> Task instructions
Copy the lines below that contain "Shoulder".

> Supplied material
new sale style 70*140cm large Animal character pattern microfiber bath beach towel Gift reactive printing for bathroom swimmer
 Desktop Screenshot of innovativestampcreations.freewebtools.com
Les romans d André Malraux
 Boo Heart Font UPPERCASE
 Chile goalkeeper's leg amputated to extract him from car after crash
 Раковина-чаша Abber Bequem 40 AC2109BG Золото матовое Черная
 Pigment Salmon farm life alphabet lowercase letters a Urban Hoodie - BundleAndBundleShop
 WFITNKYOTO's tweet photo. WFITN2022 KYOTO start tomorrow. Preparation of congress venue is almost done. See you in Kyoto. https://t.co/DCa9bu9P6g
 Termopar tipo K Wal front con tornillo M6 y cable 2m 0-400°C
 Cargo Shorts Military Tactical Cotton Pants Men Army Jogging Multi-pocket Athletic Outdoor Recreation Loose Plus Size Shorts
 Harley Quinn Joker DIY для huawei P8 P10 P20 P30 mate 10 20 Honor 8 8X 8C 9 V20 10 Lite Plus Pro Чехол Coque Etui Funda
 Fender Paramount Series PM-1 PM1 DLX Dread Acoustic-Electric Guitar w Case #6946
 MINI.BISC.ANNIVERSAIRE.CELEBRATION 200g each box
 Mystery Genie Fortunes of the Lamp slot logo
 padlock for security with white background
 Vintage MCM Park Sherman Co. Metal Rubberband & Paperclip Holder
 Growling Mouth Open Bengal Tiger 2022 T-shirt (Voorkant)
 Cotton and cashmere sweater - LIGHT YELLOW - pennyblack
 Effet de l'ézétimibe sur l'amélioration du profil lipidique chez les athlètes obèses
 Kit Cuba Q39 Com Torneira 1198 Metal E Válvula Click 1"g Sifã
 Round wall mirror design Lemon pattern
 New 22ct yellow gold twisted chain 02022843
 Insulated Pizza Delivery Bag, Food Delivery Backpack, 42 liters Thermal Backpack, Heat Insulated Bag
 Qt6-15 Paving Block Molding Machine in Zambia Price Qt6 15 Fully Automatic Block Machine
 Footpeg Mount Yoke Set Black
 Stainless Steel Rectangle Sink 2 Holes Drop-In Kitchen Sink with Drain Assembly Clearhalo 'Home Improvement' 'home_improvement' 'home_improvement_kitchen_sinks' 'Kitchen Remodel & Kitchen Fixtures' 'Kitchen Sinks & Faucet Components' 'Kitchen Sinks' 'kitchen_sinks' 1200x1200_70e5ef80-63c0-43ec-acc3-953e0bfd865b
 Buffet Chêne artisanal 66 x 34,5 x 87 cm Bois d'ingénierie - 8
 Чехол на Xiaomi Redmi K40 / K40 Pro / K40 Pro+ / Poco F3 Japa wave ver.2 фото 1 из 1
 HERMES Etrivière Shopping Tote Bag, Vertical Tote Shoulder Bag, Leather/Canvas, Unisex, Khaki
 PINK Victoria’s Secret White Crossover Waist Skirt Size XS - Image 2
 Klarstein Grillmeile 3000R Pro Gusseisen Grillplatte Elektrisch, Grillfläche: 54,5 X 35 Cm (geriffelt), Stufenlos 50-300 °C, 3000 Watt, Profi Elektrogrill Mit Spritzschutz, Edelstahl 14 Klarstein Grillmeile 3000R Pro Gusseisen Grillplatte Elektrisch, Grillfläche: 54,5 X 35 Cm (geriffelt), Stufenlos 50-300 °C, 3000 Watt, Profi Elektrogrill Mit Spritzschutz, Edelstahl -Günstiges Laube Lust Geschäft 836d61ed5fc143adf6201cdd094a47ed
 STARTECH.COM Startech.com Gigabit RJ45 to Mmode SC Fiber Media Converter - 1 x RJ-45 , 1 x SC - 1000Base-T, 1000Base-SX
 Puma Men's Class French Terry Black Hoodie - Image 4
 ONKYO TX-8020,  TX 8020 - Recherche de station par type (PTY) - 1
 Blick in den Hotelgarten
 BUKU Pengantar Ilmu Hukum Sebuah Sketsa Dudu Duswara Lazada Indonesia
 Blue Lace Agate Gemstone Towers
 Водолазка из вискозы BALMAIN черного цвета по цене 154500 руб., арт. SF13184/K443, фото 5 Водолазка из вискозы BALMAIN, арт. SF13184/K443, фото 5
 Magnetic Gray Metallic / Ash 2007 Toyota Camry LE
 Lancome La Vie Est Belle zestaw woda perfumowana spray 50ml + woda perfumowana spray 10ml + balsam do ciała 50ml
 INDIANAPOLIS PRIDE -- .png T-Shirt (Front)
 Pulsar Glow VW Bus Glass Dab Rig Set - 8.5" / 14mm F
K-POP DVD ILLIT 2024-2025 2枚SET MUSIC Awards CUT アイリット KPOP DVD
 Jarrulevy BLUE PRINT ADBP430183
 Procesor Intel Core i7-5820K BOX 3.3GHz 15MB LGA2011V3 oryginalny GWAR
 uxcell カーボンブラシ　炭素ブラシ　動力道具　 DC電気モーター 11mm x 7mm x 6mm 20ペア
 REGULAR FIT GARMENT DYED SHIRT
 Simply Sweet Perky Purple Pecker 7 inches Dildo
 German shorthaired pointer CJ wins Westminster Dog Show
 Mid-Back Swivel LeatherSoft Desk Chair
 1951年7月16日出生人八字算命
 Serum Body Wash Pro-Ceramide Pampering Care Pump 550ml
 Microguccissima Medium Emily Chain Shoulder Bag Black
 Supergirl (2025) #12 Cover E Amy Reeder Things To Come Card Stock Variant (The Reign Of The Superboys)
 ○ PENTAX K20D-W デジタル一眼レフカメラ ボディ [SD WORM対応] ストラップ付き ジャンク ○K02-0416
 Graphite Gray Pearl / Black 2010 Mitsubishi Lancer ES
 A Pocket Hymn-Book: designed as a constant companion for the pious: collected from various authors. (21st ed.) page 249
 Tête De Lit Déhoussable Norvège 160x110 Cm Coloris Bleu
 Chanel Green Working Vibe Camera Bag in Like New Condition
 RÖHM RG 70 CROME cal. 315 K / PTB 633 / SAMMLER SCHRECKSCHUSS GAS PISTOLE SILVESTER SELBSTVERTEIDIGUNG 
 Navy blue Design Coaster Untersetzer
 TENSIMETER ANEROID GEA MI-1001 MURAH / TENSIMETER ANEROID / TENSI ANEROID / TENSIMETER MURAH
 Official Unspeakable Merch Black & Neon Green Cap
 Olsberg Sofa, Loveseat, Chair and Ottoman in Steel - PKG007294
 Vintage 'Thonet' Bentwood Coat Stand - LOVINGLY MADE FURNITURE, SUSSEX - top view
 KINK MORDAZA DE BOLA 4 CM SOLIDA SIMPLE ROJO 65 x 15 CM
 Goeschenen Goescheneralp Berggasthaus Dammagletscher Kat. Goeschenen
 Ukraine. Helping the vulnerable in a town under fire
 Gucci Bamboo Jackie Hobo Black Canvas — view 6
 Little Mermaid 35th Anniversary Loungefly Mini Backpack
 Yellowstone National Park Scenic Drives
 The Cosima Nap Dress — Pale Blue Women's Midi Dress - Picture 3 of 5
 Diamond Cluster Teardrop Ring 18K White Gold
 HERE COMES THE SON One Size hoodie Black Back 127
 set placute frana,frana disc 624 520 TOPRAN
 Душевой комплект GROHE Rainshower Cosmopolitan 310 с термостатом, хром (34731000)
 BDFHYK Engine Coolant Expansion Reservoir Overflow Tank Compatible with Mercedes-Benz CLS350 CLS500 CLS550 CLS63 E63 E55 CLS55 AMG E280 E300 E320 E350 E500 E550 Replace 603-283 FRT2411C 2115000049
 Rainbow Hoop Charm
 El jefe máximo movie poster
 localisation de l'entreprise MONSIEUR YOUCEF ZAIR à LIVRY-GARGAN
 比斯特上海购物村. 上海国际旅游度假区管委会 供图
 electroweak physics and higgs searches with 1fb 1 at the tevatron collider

> Answer section
 HERMES Etrivière Shopping Tote Bag, Vertical Tote Shoulder Bag, Leather/Canvas, Unisex, Khaki
 Microguccissima Medium Emily Chain Shoulder Bag Black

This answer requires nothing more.